Forum Moderators: phranque

Message Too Old, No Replies

Xml/xsl

converting xml files to another xml file

         

TDarksword

12:59 pm on Mar 28, 2004 (gmt 0)

10+ Year Member



Hmm as there doesn't appear to be an XML/XSL forum i guess this will go here.

I have an xml file that is an export from a central server (in other words I can't get the way it is dumped changed :-) ). Unfortunately this is not quite in the form I'd like it. I've heard I can transform one XML file into another using XSL but im not sure how to do it (ideally it needs to be done server side aswell).

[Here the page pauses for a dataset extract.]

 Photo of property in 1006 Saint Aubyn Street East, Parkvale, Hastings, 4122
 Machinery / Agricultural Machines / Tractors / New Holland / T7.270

The current XML layout is as follows:-

serverdump.xml

<?xml version="1.0" encoding="UTF-8"?>
<all_server_dump>
<clusters>
<cluster name="X4452L" cluster_id="1">
<servers>
<server name="H2212A" server_id="1">
<users>
<user user_id="77397610">
<name>Tony Harper</name>
<grade>Administrative Assistant</grade>
<grade_type_id>1</grade_type_id>
<legacy>reviews</legacy>
<email>outlook</email>
<office>msoffice</office>
<update_timestamp>199093</update_timestamp>
</user>
<user user_id="88495343">
<name>Nicola Smith</name>
etc

each server cluster (of which there are 20) has 4 servers within it. Users can exist on more than one server within the cluster.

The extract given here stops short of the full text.